Friedman will discuss "The Rising East: India and
China in the 21st Century," at 8 p.m. on Tuesday, Feb. 28,
in Shriver Hall Auditorium. The author of the runaway
best-seller The World Is Flat, he will address the
emergence of India and China as powerful players on the
world stage and how America might compete or cooperate with
these powers.
The Foreign Affairs Symposium was founded in 1998 with
the merging of the Woodrow Wilson International Studies and
the International Studies Forum symposia. It seeks to bring
distinguished individuals to campus who can talk on matters
of global concern to a large and diverse audience.
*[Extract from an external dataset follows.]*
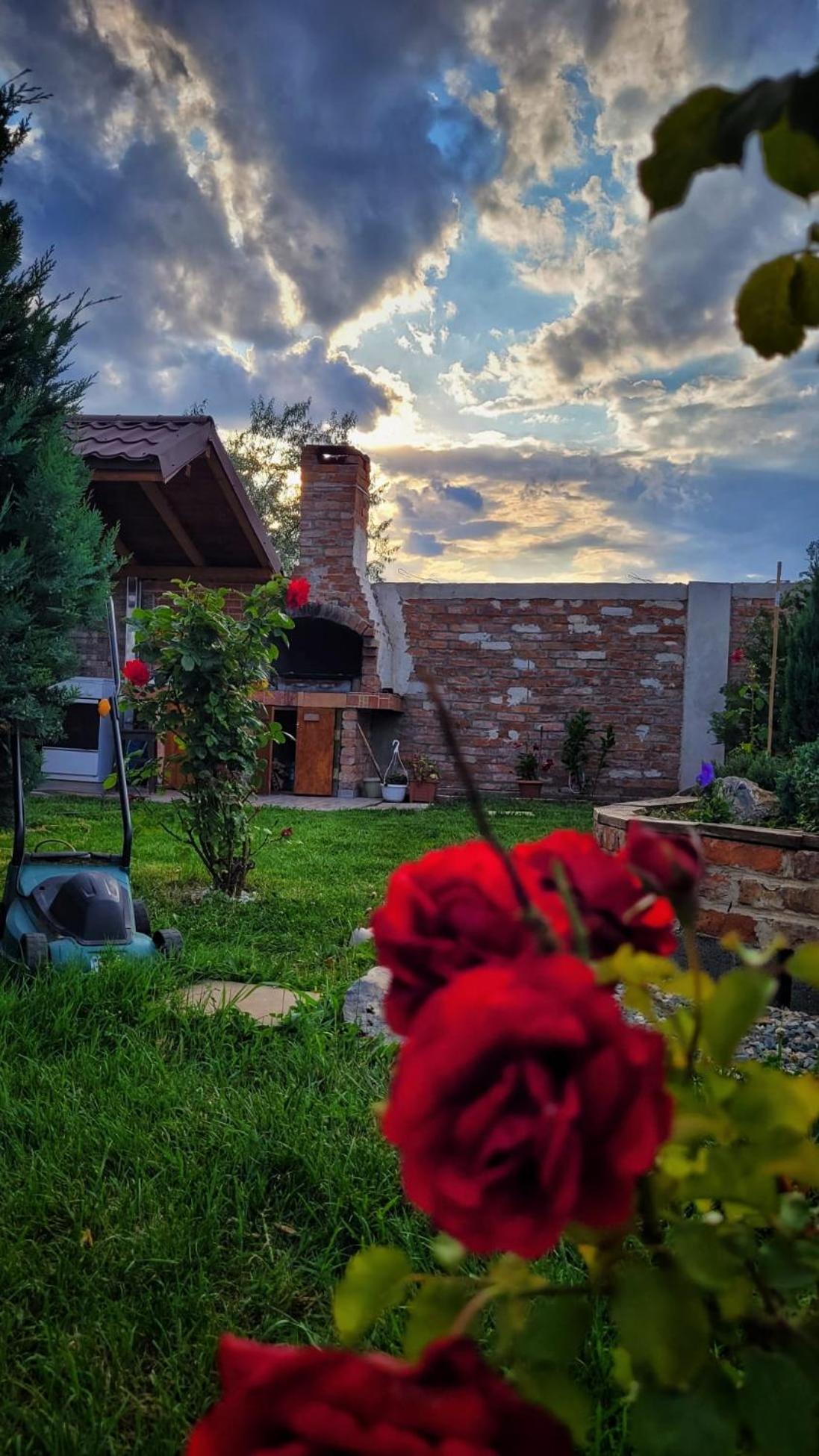 Casa Alba Hotell Năvodari Exteriör bild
Also on this year's slate is Chris Matthews, host of
MSNBC's Hardball, who will discuss "War and the Media." His
talk, which has been rescheduled from a previously
announced time, will be at 8 p.m. on Monday, April 3, in
Shriver Hall.
At 8 p.m. on April 11, in Levering's Glass Pavilion,
Francis Fukuyama, the Bernard L. Schwartz Professor in
International Political Economy and director of the
International Development Program at SAIS, will address
"America at the Crossroads: Finding America's Role in a
Changing World." Fukuyama is the author of
Nation-Building: Beyond Afghanistan and Iraq,
recently published by the Johns Hopkins University Press,
and America at the Crossroads: Democracy, Power and the
Neoconservative Legacy, due out in March from the Yale
University Press.
Dennis Ross, Middle East special envoy under
Presidents George H.W. Bush and Bill Clinton, will discuss
"A Struggle for Peace: The Future of Israel and the
Palestinian People" at 8 p.m. on April 26 in Levering's
Glass Pavilion. Ross is now counselor and Ziegler
distinguished fellow of the Washington Institute for Near
East Policy, and he serves as the first chairman of a
Jerusalem-based think tank, the Institute for Jewish People
Policy Planning, funded and founded by the Jewish Agency.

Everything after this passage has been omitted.